Given data:

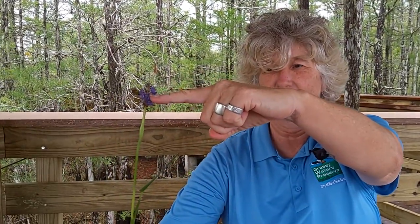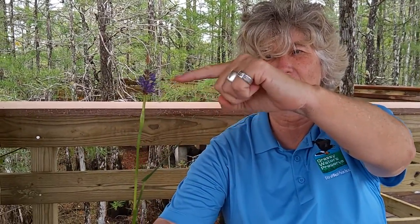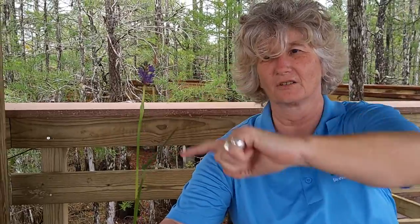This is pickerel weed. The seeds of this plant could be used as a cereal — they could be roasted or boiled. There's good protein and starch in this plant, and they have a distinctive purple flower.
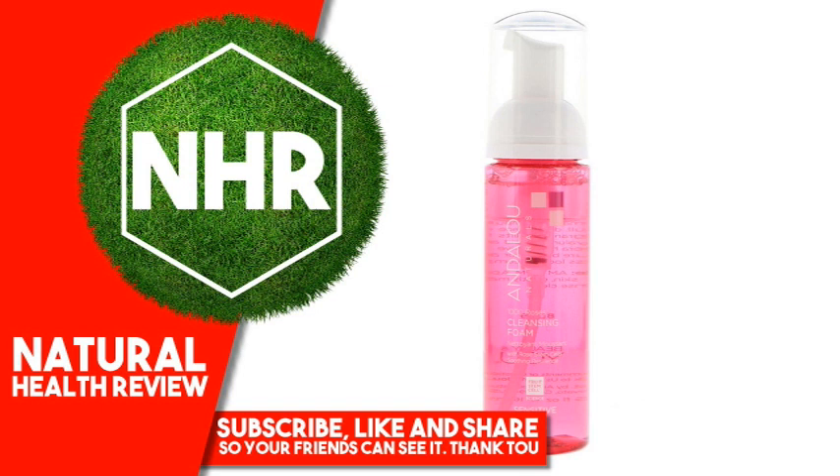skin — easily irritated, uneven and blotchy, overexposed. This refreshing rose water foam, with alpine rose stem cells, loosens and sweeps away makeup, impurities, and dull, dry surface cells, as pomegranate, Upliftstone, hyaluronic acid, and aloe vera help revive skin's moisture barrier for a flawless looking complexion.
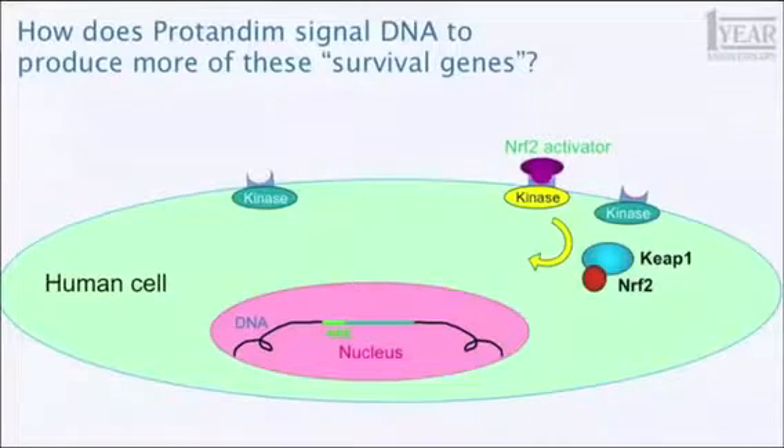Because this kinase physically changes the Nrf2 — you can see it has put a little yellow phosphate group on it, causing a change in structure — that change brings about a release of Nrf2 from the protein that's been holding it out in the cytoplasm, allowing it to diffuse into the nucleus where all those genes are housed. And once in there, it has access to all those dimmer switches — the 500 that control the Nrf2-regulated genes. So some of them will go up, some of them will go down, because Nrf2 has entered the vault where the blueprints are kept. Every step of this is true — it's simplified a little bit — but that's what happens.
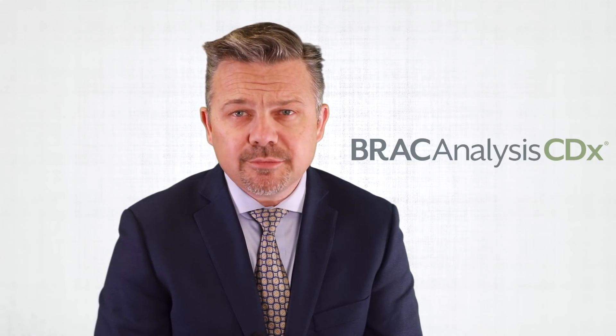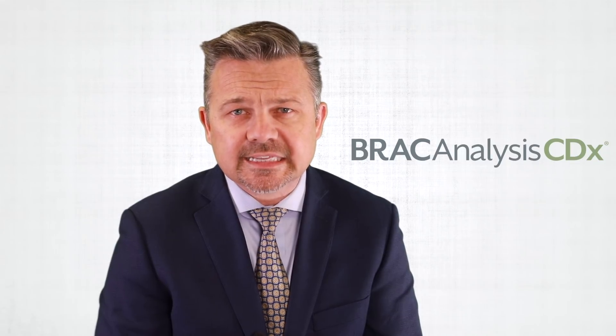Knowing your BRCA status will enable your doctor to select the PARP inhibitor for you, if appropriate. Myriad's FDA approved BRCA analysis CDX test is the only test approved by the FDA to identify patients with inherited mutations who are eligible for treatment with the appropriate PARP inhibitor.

Directions: Restate the listing above word for word. Leave the images out.

Answer:
This is pickerel weed. The seeds of this plant could be used as a cereal — they could be roasted or boiled. There's good protein and starch in this plant, and they have a distinctive purple flower.
skin — easily irritated, uneven and blotchy, overexposed. This refreshing rose water foam, with alpine rose stem cells, loosens and sweeps away makeup, impurities, and dull, dry surface cells, as pomegranate, Upliftstone, hyaluronic acid, and aloe vera help revive skin's moisture barrier for a flawless looking complexion.
Because this kinase physically changes the Nrf2 — you can see it has put a little yellow phosphate group on it, causing a change in structure — that change brings about a release of Nrf2 from the protein that's been holding it out in the cytoplasm, allowing it to diffuse into the nucleus where all those genes are housed. And once in there, it has access to all those dimmer switches — the 500 that control the Nrf2-regulated genes. So some of them will go up, some of them will go down, because Nrf2 has entered the vault where the blueprints are kept. Every step of this is true — it's simplified a little bit — but that's what happens.
Knowing your BRCA status will enable your doctor to select the PARP inhibitor for you, if appropriate. Myriad's FDA approved BRCA analysis CDX test is the only test approved by the FDA to identify patients with inherited mutations who are eligible for treatment with the appropriate PARP inhibitor.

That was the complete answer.